* [EXERCISE PROMPT] Your task is to return all the entries below exactly, with every picture omitted.

* [Web page caption snippets]
• • • • •

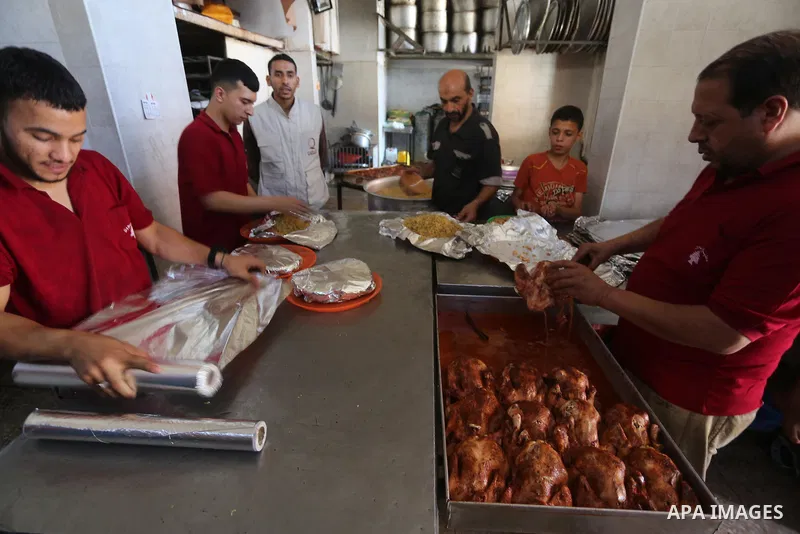 Palestinians prepare rice and meats as they wait for customers several hours before Iftar, the breaking of the day long Ramadan fast in Gaza City, on June 12, 2016. Muslims around the world refrain from eating, drinking...
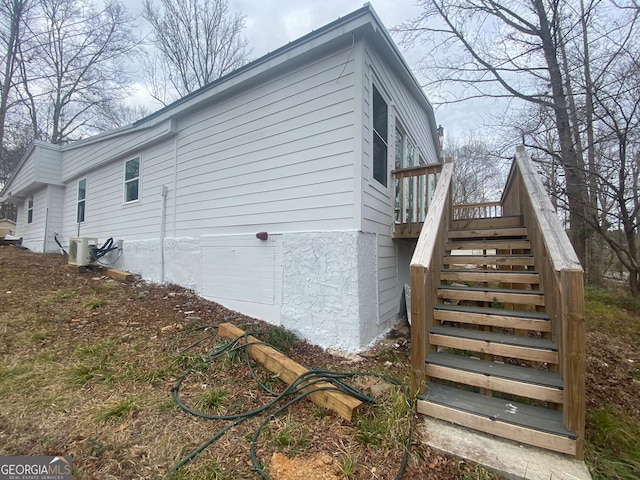 view of home's exterior with a deck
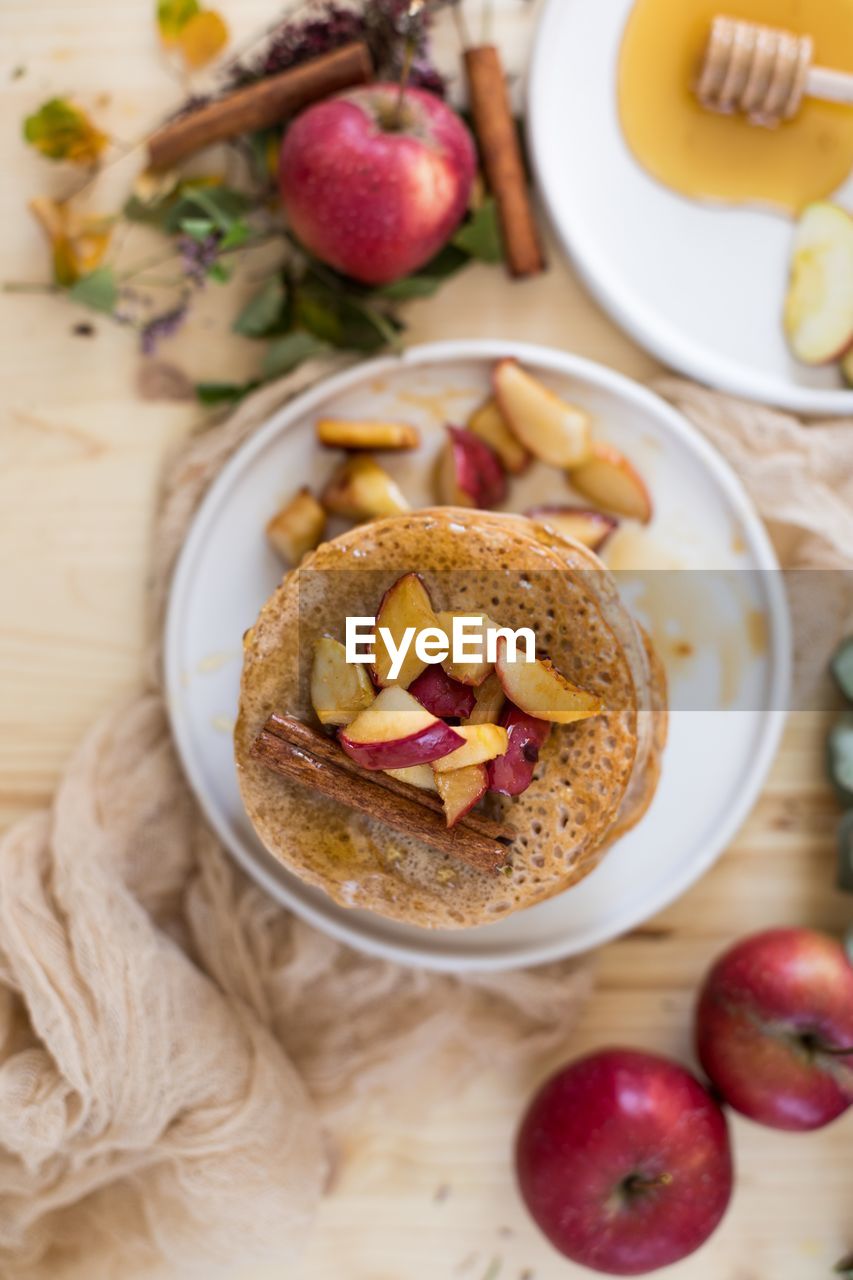 Directly above shot of pancakes and apples in plate on table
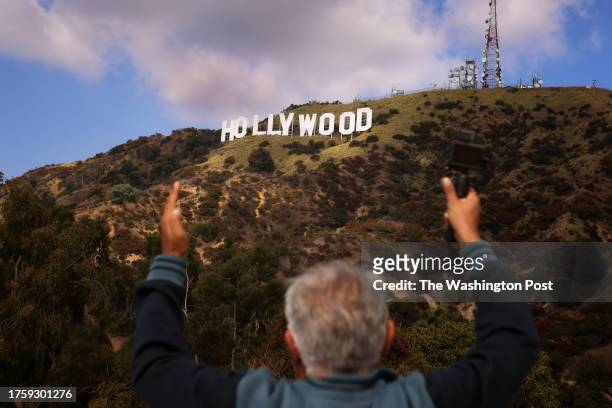 Tourist frames his arms around the iconic Hollywood sign in Los Angeles, California on October 27th, 2023. The sign, which was never meant to be a...
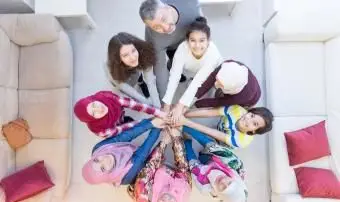 משפחה מודרנית מוסלמית עם ידיים ביחד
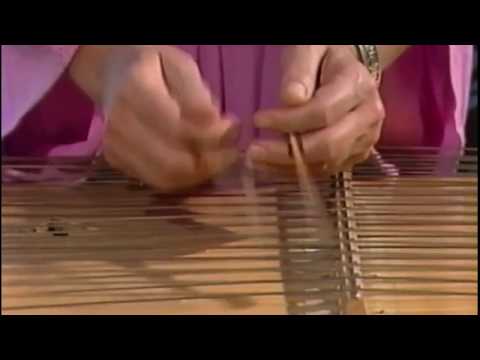 Constance Demby playing the hammered dulcimer
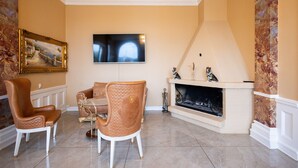 A living room with a fireplace, a television, and a painting on the wall. - Milling Hotel Plaza (Odense)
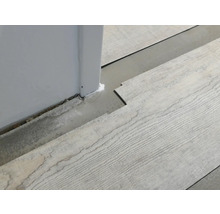 Installatie van vinylvloer met houtlook naast een muur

• • • • •

* [ANSWER SPACE]
 Palestinians prepare rice and meats as they wait for customers several hours before Iftar, the breaking of the day long Ramadan fast in Gaza City, on June 12, 2016. Muslims around the world refrain from eating, drinking...
 view of home's exterior with a deck
 Directly above shot of pancakes and apples in plate on table
 Tourist frames his arms around the iconic Hollywood sign in Los Angeles, California on October 27th, 2023. The sign, which was never meant to be a...
 משפחה מודרנית מוסלמית עם ידיים ביחד
 Constance Demby playing the hammered dulcimer
 A living room with a fireplace, a television, and a painting on the wall. - Milling Hotel Plaza (Odense)
 Installatie van vinylvloer met houtlook naast een muur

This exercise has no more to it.